● Data block

□ □ □ □ □ □ □

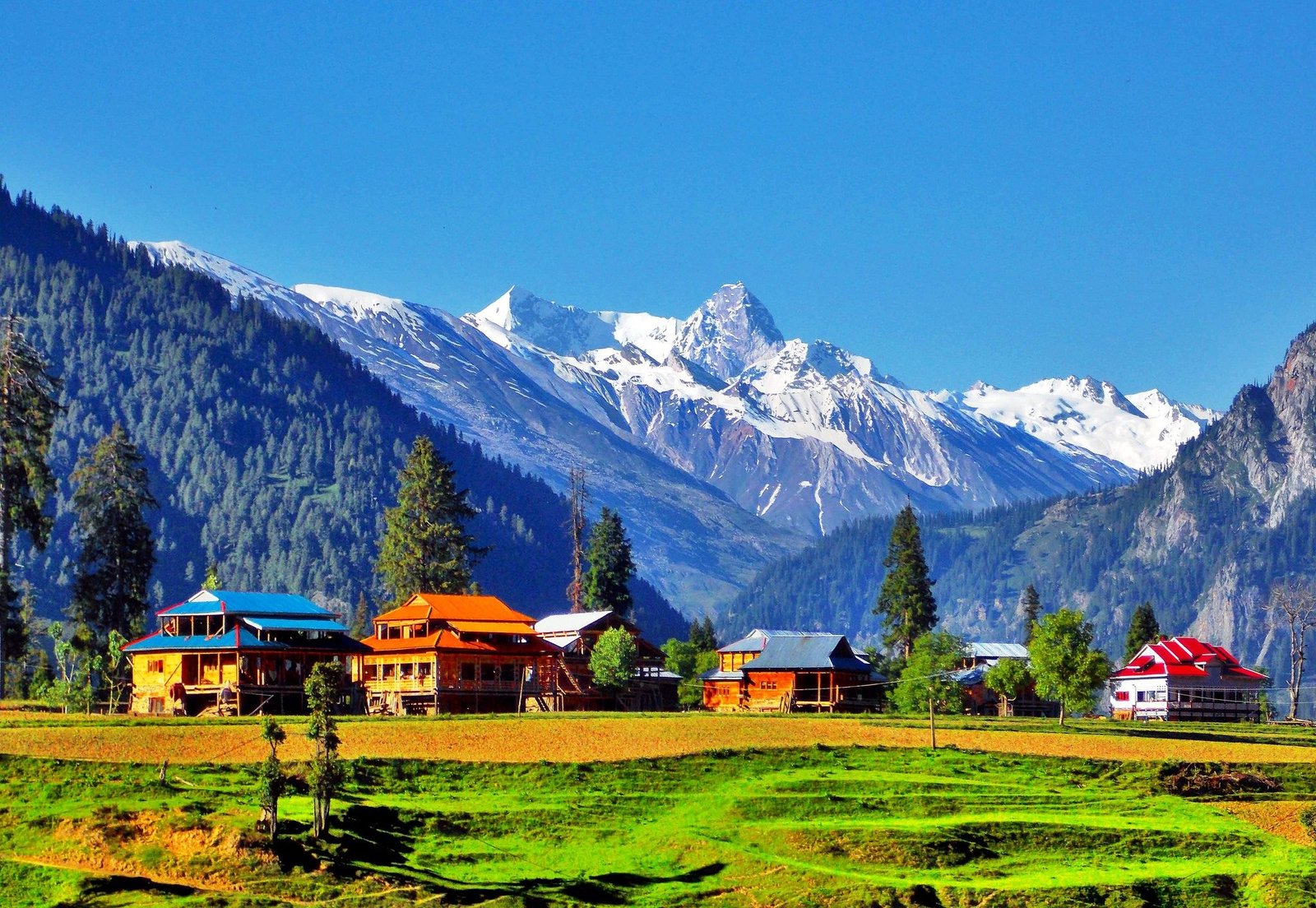 Kashmir’s Top 5 Travel Attractions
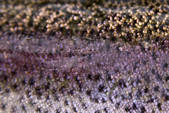 tkm003_402561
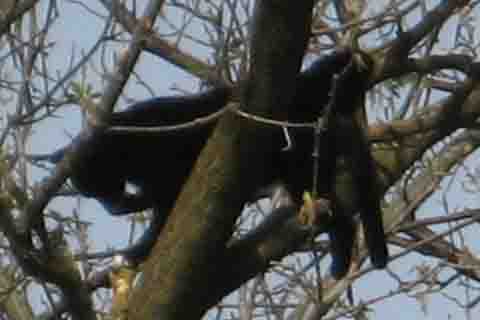 Fat Racoon Tree Picture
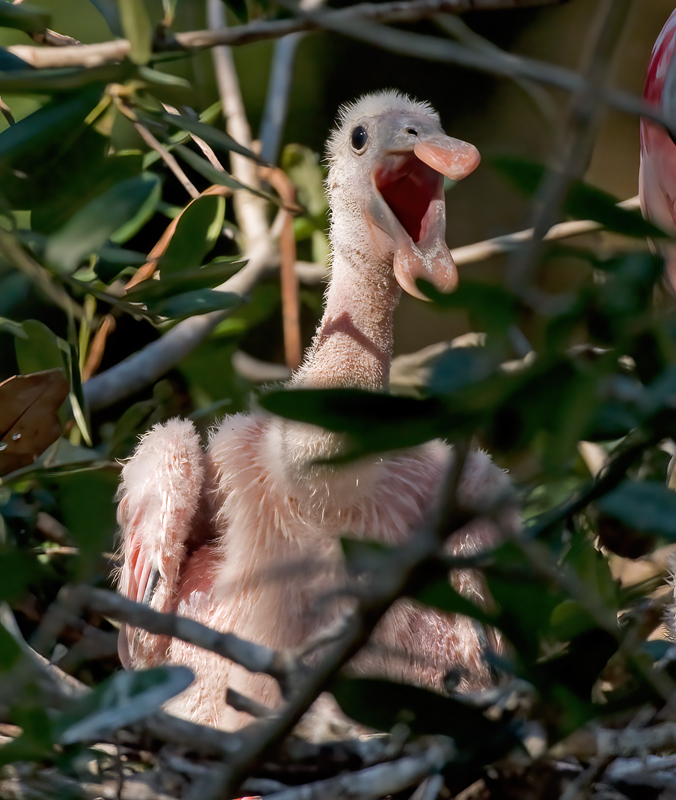 Roseate_Spoonbill_10_FL_318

□ □ □ □ □ □ □

● Problem requirements
With the pictures left out, output exactly the lines from the one with "Fat Racoon Tree Picture" through the end of the listing above, both ends included.

● Output
 Fat Racoon Tree Picture
 Roseate_Spoonbill_10_FL_318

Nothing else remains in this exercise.